Return, exactly and in full, the lines of the records below starting at the one with "So this is one" and ending at the one with "So I have inserted", and no other lines.

══════

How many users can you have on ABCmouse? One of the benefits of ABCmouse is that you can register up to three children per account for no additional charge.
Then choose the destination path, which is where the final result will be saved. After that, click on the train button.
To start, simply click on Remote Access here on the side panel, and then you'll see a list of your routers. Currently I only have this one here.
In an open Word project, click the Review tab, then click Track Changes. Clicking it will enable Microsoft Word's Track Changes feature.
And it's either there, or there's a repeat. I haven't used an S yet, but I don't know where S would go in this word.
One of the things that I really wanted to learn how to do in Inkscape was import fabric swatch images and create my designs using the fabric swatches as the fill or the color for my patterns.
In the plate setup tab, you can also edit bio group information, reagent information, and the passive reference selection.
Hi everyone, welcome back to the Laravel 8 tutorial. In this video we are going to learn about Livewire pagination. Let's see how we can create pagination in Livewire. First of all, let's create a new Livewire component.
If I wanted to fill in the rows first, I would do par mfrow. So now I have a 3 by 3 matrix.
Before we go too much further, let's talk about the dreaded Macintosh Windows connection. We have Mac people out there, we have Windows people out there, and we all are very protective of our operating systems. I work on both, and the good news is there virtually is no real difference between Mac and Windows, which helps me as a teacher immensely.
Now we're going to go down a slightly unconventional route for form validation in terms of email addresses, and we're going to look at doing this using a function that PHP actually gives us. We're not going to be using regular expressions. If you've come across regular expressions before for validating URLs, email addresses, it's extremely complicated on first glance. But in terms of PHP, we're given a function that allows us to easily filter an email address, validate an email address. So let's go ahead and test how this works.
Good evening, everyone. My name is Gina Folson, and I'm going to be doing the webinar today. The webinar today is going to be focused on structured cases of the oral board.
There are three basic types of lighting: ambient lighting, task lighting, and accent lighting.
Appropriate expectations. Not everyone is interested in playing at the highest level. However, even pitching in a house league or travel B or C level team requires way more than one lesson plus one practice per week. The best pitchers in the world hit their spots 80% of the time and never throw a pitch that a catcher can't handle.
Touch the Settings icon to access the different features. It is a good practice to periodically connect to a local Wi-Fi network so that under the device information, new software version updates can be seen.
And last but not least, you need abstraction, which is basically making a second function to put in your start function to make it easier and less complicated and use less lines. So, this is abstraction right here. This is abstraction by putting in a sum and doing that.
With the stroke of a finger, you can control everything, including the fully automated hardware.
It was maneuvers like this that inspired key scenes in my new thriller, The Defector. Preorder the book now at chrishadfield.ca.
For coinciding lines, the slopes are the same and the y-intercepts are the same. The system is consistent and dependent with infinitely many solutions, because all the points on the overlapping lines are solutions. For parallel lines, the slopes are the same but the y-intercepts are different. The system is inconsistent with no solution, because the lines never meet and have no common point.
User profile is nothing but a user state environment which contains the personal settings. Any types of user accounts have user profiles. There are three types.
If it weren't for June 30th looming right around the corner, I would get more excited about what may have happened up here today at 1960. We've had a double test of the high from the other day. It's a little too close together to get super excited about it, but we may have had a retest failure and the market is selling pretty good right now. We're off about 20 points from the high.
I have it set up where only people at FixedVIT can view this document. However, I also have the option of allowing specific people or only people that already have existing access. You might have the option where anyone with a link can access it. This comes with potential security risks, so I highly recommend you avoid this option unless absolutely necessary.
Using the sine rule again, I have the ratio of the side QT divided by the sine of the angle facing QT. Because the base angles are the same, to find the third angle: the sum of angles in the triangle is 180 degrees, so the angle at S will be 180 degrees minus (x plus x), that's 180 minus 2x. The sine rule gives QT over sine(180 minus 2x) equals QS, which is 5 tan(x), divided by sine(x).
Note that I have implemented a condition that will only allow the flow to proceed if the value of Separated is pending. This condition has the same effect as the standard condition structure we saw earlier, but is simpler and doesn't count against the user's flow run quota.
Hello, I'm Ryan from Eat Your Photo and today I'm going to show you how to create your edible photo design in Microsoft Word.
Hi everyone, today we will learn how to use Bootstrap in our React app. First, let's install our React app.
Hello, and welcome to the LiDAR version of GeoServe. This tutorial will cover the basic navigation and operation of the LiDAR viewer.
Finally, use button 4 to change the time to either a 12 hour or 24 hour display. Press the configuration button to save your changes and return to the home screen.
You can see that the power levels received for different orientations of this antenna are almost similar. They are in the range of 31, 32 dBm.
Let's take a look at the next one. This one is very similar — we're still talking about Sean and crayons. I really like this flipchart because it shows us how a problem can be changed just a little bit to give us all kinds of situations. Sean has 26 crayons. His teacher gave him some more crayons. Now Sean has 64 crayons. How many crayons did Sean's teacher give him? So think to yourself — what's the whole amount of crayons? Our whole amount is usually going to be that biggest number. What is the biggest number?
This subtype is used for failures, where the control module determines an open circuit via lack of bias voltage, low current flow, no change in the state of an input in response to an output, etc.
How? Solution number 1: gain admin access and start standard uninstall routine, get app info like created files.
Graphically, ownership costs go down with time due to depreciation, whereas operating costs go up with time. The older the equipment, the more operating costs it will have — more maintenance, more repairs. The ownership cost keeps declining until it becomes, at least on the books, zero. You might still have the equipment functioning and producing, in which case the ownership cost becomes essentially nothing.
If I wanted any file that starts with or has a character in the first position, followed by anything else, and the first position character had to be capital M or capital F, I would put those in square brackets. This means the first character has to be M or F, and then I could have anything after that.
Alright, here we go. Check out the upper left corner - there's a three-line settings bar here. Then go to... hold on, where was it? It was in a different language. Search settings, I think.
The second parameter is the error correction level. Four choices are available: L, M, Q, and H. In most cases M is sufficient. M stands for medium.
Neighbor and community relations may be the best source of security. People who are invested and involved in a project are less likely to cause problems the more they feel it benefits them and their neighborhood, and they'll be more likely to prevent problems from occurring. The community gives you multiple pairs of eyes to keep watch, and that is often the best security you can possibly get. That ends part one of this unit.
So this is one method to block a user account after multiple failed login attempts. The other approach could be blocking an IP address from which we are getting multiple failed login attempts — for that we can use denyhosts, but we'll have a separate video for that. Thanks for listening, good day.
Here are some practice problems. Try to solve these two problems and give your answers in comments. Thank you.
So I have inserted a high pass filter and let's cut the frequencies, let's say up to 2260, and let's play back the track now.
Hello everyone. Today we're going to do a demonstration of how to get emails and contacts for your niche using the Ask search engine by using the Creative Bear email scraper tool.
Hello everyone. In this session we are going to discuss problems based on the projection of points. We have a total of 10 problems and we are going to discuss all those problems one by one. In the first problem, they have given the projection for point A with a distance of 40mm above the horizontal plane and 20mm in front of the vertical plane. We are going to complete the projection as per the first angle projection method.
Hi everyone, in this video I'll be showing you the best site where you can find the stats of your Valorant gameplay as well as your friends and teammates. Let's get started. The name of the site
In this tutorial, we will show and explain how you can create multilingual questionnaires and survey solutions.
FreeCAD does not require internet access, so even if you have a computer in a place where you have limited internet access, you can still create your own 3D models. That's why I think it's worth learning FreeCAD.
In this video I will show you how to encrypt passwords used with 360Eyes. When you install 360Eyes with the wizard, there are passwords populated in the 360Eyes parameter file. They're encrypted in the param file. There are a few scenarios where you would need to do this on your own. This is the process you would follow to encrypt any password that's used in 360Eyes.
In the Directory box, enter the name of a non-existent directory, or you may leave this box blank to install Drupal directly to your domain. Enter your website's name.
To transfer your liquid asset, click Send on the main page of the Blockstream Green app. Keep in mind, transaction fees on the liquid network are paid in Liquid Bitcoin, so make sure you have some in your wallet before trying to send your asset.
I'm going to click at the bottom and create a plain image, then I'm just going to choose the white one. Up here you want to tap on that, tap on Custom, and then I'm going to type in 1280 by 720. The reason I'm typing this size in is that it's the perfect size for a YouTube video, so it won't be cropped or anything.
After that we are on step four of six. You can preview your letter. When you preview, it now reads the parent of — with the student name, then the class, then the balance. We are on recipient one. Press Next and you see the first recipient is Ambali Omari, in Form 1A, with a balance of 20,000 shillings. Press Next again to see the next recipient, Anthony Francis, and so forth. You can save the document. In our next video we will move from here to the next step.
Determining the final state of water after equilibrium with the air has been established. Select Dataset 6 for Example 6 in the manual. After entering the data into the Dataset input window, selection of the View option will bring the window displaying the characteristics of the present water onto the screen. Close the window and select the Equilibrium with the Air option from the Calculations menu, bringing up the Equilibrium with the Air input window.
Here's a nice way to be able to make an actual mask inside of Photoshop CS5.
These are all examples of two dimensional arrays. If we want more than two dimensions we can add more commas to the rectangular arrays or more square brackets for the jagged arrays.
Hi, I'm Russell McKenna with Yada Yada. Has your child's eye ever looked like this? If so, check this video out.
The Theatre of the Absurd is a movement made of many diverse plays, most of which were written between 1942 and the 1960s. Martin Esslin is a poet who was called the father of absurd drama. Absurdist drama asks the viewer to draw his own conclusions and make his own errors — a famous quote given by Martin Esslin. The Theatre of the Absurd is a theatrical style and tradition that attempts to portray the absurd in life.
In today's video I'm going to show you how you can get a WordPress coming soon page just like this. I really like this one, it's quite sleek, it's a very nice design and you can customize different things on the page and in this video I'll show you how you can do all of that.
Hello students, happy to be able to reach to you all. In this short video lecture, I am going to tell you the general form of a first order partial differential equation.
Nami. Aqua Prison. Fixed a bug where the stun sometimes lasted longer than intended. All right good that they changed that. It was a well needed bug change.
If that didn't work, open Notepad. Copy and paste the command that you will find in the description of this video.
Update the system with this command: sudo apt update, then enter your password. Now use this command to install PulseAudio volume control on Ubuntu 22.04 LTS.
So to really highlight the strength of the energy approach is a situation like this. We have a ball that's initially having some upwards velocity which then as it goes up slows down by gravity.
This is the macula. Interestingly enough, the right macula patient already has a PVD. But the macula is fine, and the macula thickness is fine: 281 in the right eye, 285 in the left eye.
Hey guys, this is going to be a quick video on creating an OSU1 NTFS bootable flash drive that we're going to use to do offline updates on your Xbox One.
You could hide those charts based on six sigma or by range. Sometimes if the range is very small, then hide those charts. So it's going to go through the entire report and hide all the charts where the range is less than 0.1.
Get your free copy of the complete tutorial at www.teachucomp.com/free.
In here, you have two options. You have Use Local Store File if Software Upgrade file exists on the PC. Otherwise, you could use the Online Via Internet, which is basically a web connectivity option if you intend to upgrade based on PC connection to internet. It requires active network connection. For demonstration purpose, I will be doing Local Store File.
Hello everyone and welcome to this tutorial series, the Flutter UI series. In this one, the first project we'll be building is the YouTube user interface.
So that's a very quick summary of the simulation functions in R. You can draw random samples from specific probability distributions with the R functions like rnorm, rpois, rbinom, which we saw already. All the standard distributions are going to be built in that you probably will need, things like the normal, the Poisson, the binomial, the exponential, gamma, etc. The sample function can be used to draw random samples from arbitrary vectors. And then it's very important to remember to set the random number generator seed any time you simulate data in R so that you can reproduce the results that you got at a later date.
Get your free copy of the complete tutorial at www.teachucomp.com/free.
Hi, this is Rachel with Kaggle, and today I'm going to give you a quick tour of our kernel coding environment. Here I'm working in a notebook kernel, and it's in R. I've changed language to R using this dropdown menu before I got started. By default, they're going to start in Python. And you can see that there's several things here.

══════

Solution:
So this is one method to block a user account after multiple failed login attempts. The other approach could be blocking an IP address from which we are getting multiple failed login attempts — for that we can use denyhosts, but we'll have a separate video for that. Thanks for listening, good day.
Here are some practice problems. Try to solve these two problems and give your answers in comments. Thank you.
So I have inserted a high pass filter and let's cut the frequencies, let's say up to 2260, and let's play back the track now.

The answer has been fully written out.